Undiscovered Malware Turns Linux And BSD Servers Into Spamming Botnets
"We were able to identify victimized system and began the process of notifying its owners," said Lead ESET security researcher Marc-Etienne M. Léveillé. "This is not trivial, as we identified over 8500 unique IP addresses during 7 month research period! Now that the technical details about the threat are public, it will be easier for the victims to understand what they face and clean their servers."
Image Source: Flickr (Christian Barmala)
The researchers sort of stumbled onto the scheme when they found a piece of malware on a server that was blacklisted for sending spam. Dubbed "Mumblehard," the malware consists of a generic backdoor that contacts its Command and Control (C&C) server to download a spammer component and general purpose proxy.

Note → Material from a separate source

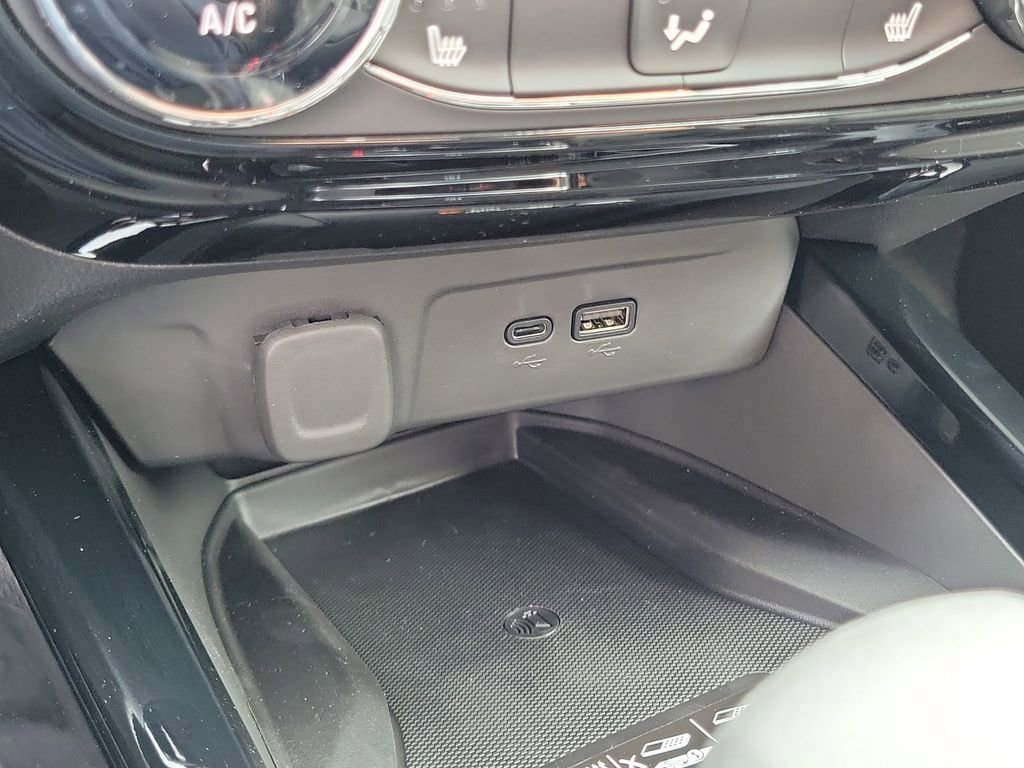New 2026 Chevrolet Trax RS w/ Sunroof Package FWD image 11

After doing a bit of investigating, researchers found that the malware was tied to a company called Yellsoft, which sells DirectMailer, a "system for automated email distribution" that allows users to send anonymous email. DirectMailer is written in Perl and runs on UNIX-type systems, just like Mumblerhard.
The software runs $240, though interestingly enough the developers provide a link to a site that offers a cracked copy, noting that they don't provide technical support for pirated copies. However, the fact that they're linking to the cracked copy is downright shady.
ESET's researchers confirmed that the cracked copy contains the Mumblehard backdoor -- once installed, the operations are able to send spam from and proxy traffic through the infected system. It's not known if the paid version also contains malware.